Stage 1 was the construction of the scenery block (officially called the design block) which was completed in 1953. At the back of the building a scenic artists’ studio was constructed enabling backcloths to be painted. This extraordinary construction was 65ft from basement floor to roof beams. A platform half way up the room enabled the artists to paint massive cloths 30ft high and to reach all the parts of the cloth simply by raising or lowering the canvasses which passed through a slot between the platform and the wall. When finished, the cloth could be rolled up and stored in the basement or slid through a slot in the wall into the ground floor area.
This space still remained during the final two decades, hidden behind a locked door, and was occasionally rented out. There was a small dirty window between a staircase and the platform area which I discovered early in 2006. A few flats were leaning against the wall but there was no sign of any cloths having been painted recently. Large flexible tubes hung from the roof – one assumes to improve the ventilation and draw the paint fumes out.

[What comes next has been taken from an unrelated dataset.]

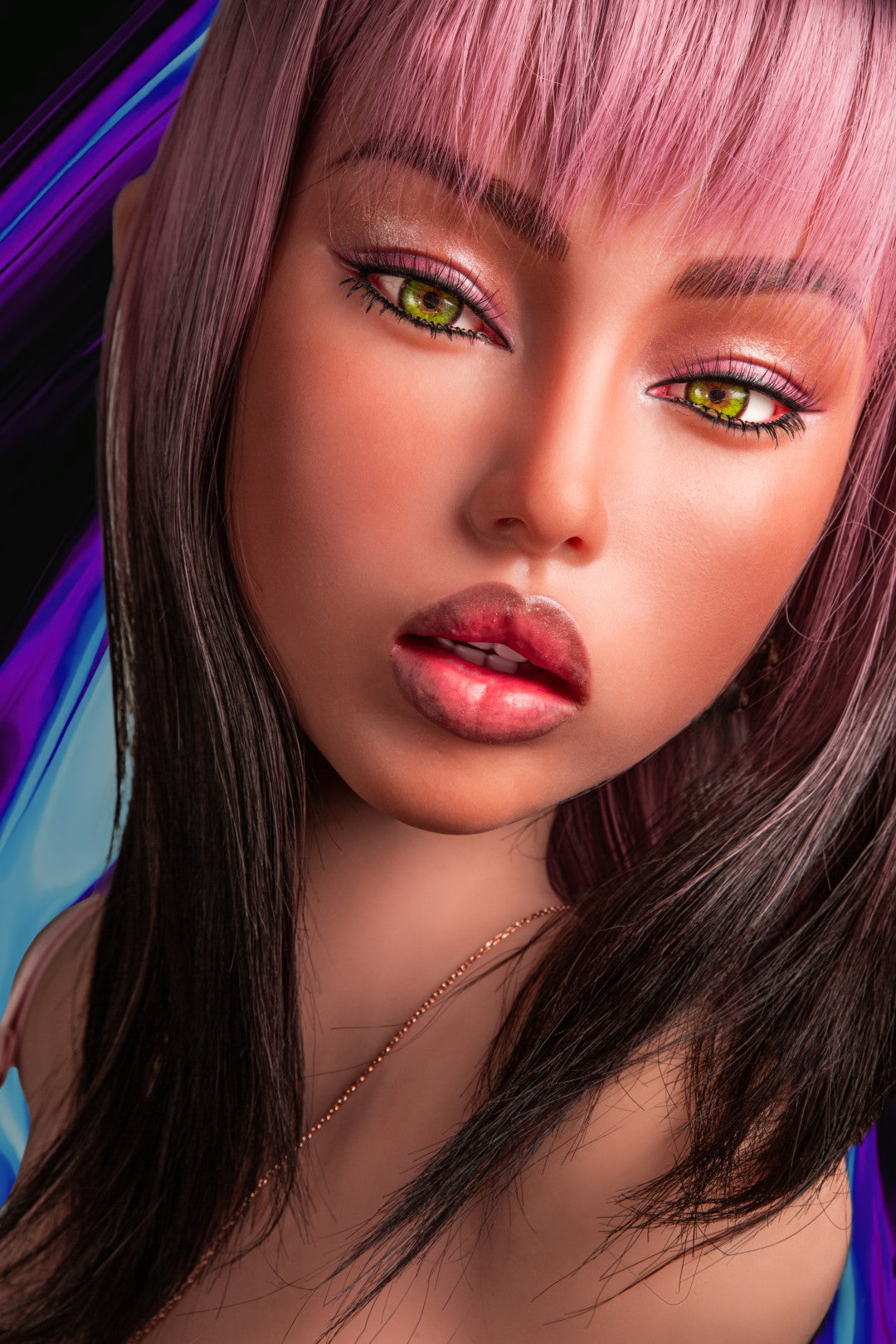 Lilian Torso Sex Doll (Climax Doll Pro 110 cm L formos puodelis TPE + silikonas) EXPRESS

On the ground floor was an area originally used to manufacture and store scenery. A carpentry and machine shop created the sets which were then assembled in the setting space before being disassembled and stacked on trucks to be towed round the scenery runway to the studio. The scenery would then be brought back and taken down in a huge lift to be stored in the basement or repainted and adapted for use in another programme. In another part of the basement was a large prop store where items for dressing sets were kept.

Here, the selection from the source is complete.